§ **TO DO**:
Hunt through the lines below for the string "Women" and copy each one that has it.

§ **Items listed in a dataset**:
----
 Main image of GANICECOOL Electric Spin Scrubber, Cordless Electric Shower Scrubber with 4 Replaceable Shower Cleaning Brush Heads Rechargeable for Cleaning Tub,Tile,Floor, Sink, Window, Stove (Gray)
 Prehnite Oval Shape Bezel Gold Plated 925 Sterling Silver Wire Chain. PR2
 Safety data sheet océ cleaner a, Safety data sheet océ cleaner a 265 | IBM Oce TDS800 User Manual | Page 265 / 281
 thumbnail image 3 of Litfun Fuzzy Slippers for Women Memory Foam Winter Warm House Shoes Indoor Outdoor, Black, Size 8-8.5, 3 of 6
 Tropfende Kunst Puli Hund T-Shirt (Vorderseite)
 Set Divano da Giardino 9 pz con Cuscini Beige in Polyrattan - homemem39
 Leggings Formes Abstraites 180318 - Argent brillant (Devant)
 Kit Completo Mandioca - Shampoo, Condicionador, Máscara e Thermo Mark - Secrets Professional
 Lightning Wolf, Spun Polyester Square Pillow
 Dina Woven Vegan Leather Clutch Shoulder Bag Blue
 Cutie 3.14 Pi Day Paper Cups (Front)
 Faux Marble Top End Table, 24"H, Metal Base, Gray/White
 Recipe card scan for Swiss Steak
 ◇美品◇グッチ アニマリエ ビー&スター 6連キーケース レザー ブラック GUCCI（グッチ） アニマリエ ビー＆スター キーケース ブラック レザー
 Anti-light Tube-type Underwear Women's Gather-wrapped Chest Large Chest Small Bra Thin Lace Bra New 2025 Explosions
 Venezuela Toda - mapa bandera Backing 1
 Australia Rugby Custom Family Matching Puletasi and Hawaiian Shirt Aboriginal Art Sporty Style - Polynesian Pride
----
§ **ANSWER SPACE**:
 thumbnail image 3 of Litfun Fuzzy Slippers for Women Memory Foam Winter Warm House Shoes Indoor Outdoor, Black, Size 8-8.5, 3 of 6
 Anti-light Tube-type Underwear Women's Gather-wrapped Chest Large Chest Small Bra Thin Lace Bra New 2025 Explosions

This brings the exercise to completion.